15th December 2018
Supercritical Carbon Dioxide (sCO2) has been proven to be an effective solvent and liquid extraction medium with the added benefit of having environmentally friendly attributes. Carbon Dioxide is abundant, reusable and non-toxic, and it reaches a supercritical point at an easily controlled temperature and pressure. Once at the supercritical point, the solvating properties can be tweaked with relatively small changes in temperature and pressure. The ability of sCO2 to change solvent power with small pressure and temperature changes leads to its effective use in fractionation. Fractionation or Fractional Separation is a separation process in which a mixture (gas, solid, liquid) is divided into components during a phase transition.
Supercritical Extraction and Fractional Separation
In the case of extracting essential oils from plants, researchers have found that in some plants there are unique healing or medicinal properties in different oils within one plant. In order to extract each of the oils in a plant, fractionation is used. The substances to be extracted have different dissolution conditions in sCO2, so tweaking the process pressure following supercritical extraction allows each substance to separate independently, resulting in selective extraction of components. This process can also be used to extract beneficial oils from fish or aromatics for perfumes.
The initial extraction process is the same as that described in the article, Pressure Control in Supercritical Extraction. SCO2, sometimes along with a co-solvent such as ethanol, is pumped through a heater to reach the pressure and temperature conditions required for solvency of the plant oils which are located in the batch extractor. Supercritical extraction takes place as the sCO2 moves through the plant matter in the batch extractor. In the process of fractionation, after exiting the batch extractor, the mixture goes through a series of separator vessels in a multistage operation allowing selective and sequential fluid extraction. Each of the separators is set at a very specific pressure, allowing only one component of the mixture to drop out.

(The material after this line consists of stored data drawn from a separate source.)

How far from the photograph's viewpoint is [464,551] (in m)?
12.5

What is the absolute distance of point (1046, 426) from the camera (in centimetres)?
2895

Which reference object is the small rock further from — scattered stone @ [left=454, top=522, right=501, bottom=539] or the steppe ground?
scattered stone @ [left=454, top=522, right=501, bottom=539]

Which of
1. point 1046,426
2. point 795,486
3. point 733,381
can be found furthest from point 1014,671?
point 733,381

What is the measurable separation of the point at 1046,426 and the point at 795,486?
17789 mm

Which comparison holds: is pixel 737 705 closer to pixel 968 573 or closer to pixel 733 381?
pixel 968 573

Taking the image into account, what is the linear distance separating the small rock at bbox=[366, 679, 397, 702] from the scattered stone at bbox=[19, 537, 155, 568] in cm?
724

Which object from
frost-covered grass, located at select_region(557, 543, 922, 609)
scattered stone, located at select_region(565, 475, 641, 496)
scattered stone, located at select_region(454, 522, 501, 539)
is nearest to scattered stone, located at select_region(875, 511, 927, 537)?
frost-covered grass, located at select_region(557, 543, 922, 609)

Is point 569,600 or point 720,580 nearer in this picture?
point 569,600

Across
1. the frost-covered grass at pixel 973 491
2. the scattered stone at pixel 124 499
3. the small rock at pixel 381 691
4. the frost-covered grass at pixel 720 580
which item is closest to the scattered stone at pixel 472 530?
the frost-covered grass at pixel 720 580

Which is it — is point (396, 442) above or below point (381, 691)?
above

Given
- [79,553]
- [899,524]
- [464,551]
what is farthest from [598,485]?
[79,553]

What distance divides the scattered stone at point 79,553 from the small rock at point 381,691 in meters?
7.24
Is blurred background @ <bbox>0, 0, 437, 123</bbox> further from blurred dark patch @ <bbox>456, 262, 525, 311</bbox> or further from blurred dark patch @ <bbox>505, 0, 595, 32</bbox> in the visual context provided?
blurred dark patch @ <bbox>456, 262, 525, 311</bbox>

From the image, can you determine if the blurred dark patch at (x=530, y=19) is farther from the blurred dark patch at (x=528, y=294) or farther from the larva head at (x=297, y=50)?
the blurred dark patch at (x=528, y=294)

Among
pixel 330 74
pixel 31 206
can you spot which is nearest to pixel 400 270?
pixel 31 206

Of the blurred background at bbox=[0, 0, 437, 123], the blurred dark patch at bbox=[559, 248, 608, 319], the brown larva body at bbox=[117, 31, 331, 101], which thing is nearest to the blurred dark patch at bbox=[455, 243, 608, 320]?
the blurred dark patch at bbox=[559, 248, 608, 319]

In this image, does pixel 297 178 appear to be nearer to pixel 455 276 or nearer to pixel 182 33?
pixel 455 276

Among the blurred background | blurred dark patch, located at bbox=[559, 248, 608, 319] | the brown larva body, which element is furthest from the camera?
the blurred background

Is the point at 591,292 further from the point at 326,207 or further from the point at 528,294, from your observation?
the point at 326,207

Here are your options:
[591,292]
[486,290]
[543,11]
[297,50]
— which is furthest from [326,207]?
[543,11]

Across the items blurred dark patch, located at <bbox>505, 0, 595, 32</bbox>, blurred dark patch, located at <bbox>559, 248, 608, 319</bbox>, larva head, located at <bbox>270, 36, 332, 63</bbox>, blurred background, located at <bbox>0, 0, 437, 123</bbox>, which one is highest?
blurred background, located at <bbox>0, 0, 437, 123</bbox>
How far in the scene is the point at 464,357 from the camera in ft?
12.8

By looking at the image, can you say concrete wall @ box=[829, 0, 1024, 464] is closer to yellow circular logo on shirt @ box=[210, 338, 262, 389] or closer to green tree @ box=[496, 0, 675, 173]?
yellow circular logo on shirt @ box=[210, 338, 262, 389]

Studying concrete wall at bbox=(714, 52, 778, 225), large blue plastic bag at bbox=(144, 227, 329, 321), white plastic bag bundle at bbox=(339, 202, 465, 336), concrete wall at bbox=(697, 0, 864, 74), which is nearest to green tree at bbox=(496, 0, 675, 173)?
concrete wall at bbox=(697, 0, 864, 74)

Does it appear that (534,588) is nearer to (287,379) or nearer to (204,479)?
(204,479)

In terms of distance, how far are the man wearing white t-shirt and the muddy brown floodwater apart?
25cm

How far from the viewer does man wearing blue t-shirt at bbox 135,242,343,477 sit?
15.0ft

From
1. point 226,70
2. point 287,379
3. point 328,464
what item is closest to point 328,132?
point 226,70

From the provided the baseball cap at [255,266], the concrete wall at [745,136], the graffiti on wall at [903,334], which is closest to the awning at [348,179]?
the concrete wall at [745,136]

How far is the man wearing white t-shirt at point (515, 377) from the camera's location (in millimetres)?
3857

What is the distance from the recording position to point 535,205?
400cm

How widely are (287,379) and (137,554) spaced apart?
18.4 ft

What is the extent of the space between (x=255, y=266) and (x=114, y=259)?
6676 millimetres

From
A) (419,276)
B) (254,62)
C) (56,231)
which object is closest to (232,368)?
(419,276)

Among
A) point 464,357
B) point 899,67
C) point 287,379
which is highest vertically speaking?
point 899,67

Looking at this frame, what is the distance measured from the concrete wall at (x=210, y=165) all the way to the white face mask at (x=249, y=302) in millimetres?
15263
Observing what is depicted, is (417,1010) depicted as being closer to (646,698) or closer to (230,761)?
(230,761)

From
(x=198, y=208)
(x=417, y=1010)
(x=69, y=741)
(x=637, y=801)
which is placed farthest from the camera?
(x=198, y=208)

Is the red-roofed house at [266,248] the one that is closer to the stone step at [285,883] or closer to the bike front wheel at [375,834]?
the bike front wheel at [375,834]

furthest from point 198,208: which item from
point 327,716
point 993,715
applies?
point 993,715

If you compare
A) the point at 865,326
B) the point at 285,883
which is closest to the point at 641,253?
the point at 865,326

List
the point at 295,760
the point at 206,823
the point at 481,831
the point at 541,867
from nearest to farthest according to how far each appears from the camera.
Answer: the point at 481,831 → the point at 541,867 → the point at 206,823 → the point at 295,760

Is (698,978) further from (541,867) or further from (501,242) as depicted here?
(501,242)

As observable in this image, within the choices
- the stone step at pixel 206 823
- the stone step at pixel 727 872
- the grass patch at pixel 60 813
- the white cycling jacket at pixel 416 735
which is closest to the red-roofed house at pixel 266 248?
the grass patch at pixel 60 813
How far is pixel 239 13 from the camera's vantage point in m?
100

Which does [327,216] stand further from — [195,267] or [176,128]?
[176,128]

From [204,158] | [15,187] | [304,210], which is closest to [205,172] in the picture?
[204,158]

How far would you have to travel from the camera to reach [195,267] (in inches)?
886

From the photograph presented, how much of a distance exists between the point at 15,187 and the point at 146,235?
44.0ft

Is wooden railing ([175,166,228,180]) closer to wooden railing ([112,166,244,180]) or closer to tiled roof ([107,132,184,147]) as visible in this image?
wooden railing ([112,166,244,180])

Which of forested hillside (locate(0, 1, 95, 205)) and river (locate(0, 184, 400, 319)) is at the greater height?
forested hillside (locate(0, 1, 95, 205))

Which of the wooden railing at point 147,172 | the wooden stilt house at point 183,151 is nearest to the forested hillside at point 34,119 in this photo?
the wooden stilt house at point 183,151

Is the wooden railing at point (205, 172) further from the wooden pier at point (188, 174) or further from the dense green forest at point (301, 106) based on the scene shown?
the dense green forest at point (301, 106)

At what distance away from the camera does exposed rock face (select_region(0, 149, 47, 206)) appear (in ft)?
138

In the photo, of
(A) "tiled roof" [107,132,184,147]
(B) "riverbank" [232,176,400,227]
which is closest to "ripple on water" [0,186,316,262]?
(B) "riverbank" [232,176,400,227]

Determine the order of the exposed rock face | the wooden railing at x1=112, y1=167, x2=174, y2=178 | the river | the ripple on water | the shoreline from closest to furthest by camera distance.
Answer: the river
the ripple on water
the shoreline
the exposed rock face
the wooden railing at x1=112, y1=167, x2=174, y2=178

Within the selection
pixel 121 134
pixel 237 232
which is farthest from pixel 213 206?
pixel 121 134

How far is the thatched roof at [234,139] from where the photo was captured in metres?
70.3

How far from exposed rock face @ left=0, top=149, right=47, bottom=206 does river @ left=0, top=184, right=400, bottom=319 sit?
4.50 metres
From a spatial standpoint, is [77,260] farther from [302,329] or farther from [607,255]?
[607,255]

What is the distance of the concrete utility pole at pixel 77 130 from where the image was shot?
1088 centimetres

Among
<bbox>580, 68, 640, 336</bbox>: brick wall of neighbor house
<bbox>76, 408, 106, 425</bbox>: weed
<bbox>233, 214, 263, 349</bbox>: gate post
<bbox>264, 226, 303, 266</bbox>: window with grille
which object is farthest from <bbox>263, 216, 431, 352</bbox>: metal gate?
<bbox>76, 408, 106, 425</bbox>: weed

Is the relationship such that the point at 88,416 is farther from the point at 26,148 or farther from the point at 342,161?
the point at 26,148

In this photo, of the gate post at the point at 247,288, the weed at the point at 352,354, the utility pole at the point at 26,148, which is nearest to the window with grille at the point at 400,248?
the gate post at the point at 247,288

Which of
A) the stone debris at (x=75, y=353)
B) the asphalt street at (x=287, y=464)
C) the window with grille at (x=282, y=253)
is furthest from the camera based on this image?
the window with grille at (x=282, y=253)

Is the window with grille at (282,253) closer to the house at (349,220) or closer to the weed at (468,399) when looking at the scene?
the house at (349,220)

A representation of the fractional separation process is shown in the schematic above. In order for each of the extracted components to be most pure, a precise pressure must be maintained in the separators during fractionation. The unique capability of the Equilibar back pressure regulator to maintain precise pressure control makes it ideal for this targeted fractional separation process. In the final stage of the separation, where the sCO2 is decompressed for recycling, the Equilibar blockage resistant regulator would be required. The expansion of the supercritical fluid during this pressure let down stage is often problematic. The Joules-Thompson effect causes a dramatic temperature drop which can lead to ice formation that may block the internal passages of the BPR.
The Blockage Resistant back pressure regulator from Equilibar uses a patent pending technology to resist the build-up of ice in its internal passages. The design also resists blockage from oils that have become highly viscous due to the extreme cold of the expanding gasses. After the pressure let down step the targeted oils are separated and the CO2 and co-solvents may be removed for recycling.